For the exact ordered sequence an adapter sees per message — and how to handle typing indicators, latency, failures, and process death — see Event lifecycle and reply timing.

Proactive delivery contract

Proactive character messages arrive as character.initiated events on the same session event log. Treat them like character message.created events for rendering; the only difference is that no user turn immediately preceded them.

Production semantics:

Paused or exited sessions are skipped before spend.
Frequency and quiet-hour behavior comes from the character’s behavioral thresholds plus GET|PATCH /v1/sessions/{session_id}/proactive-preferences.
App-wide operations policy is available at GET|PATCH /v1/apps/{app_id}/proactive-policy for enabled, quiet_hours, max_per_day, allowed_reasons, channel_policy, and cost_cap_usd_per_day.
Delivered proactive messages are metered as user_proactive because they are visible user-facing work for one end user.
Proactive candidate sweeps, daily/offscreen planning, and ambient-life work are metered as character_infrastructure.
Use webhook or Telegram/managed delivery for push. Polling and SSE still read the same log but are only live while your app is connected.

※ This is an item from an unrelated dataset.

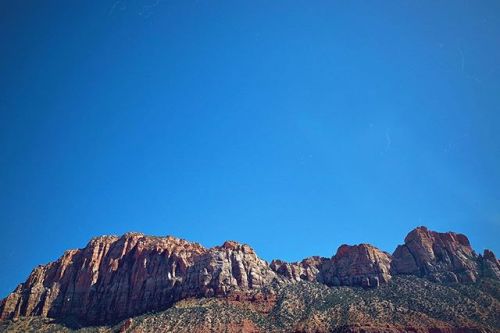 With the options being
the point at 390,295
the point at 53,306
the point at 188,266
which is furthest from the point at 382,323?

Webhook push is signed and at-least-once. Verify the x-auto-dating-signature: sha256=<hex> header (the Webhook signature detail under Delivery above: HMAC-SHA256 of your channel secret over the raw body bytes, constant-time compared) and dedupe on x-auto-dating-event-id or the event cursor.

Webhook retry policy. Delivery is at-least-once with exponential backoff: the first retry waits 30s, each subsequent attempt doubles (60s, 120s, …) capped at 1 hour, for a maximum of 8 attempts. After 8 failures the delivery status becomes dead_letter and LoreOS stops retrying that event — your endpoint must come back and you re-read the log (polling/SSE), since a dead-lettered event is not auto-redelivered. Inspect delivery health with:

GET /v1/sessions/{session_id}/delivery

It reports per-event status (delivered / failed / dead_letter), attempt_count, next_attempt_at, response_code, and last_error — use it for operational delivery health and support tooling, not as the gate for rendering a reply.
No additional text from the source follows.